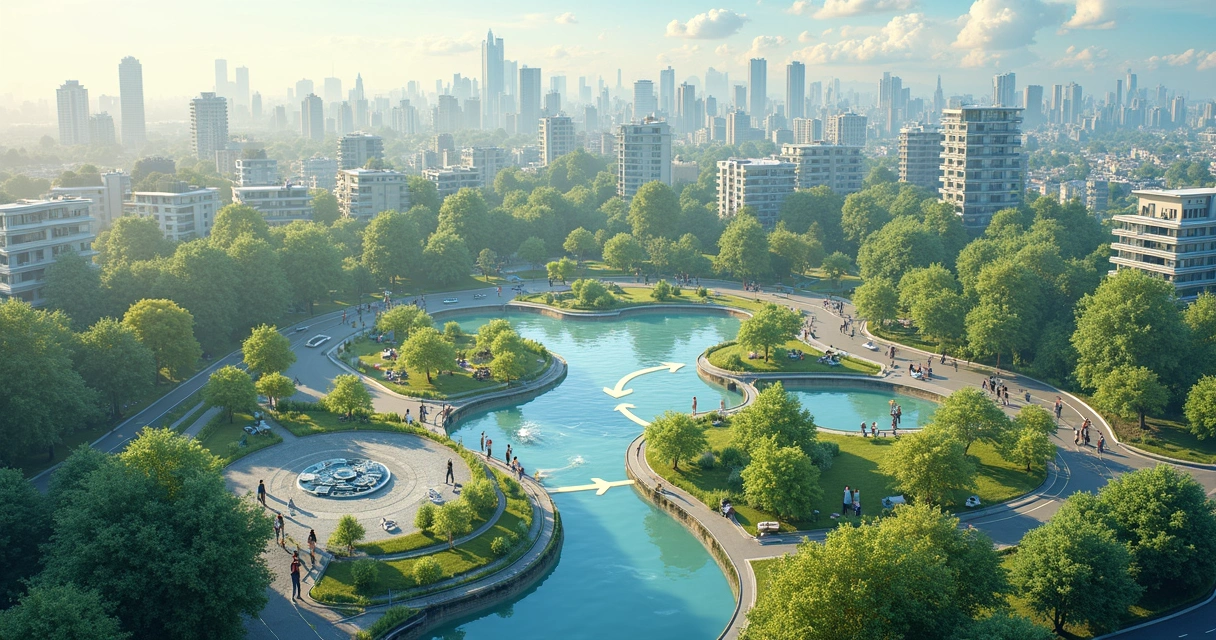 Representación visual de un ciclo de economía circular en una ciudad, mostrando conexiones entre personas y recursos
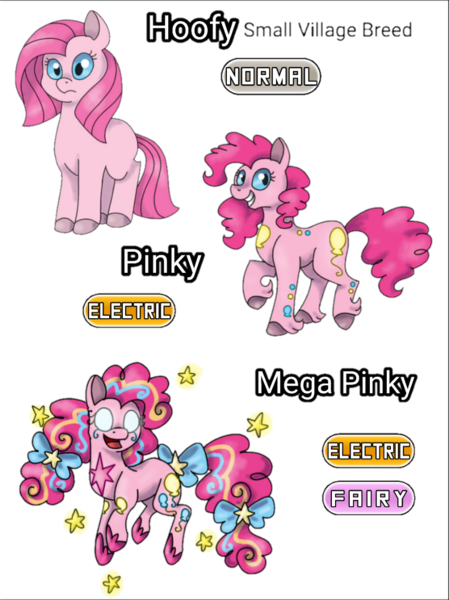 Size: 851x1137 | Tagged: artist:sweetheart-arts, derpibooru import, evolution, evolution chart, floating, frown, glowing eyes, grin, hair bow, looking at you, open mouth, pinkamena diane pie, pinkie pie, pokémon, rainbow power, safe, smiling, solo, tail bow, unshorn fetlocks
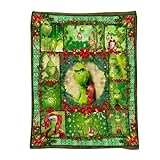 Reddomm Grinch Weihnachtsdecke, Flanell, dekorative Decke, Decke für Klimaanlage, Decke Fehlstart (B, One Size)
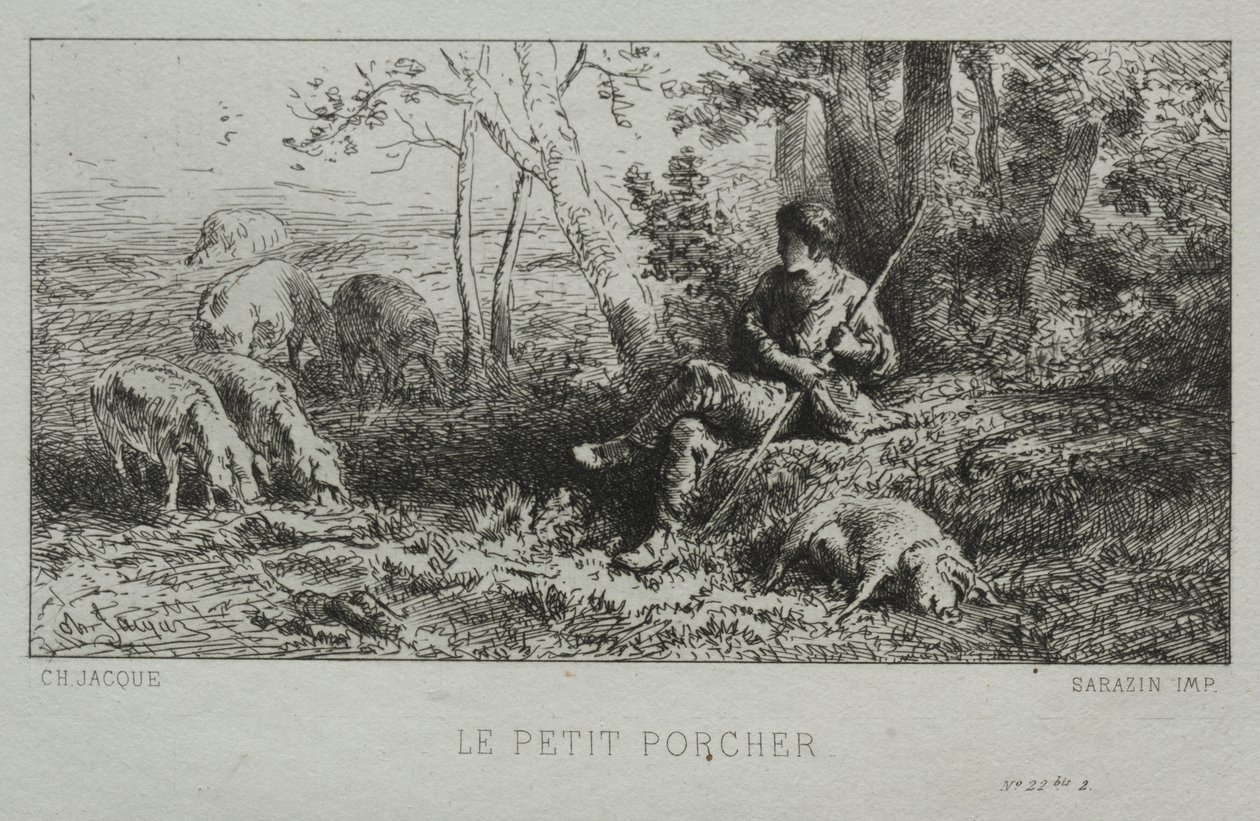 Küçük Domuz Sürüsü by Charles Emile Jacque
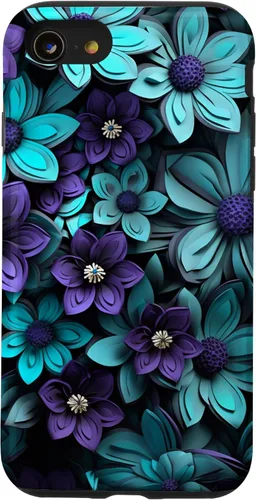 Vista 18 de Purple Flowers Teal Blue Floral Cute Botanical Garden Print Case for iPhone 17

## PROBLEM TO WORK ON
Where pictures sit among the data above, omit them, and output the rest exactly.

## OUTPUT FOR THIS EXERCISE
 Representación visual de un ciclo de economía circular en una ciudad, mostrando conexiones entre personas y recursos
 Size: 851x1137 | Tagged: artist:sweetheart-arts, derpibooru import, evolution, evolution chart, floating, frown, glowing eyes, grin, hair bow, looking at you, open mouth, pinkamena diane pie, pinkie pie, pokémon, rainbow power, safe, smiling, solo, tail bow, unshorn fetlocks
 Reddomm Grinch Weihnachtsdecke, Flanell, dekorative Decke, Decke für Klimaanlage, Decke Fehlstart (B, One Size)
 Küçük Domuz Sürüsü by Charles Emile Jacque
 Vista 18 de Purple Flowers Teal Blue Floral Cute Botanical Garden Print Case for iPhone 17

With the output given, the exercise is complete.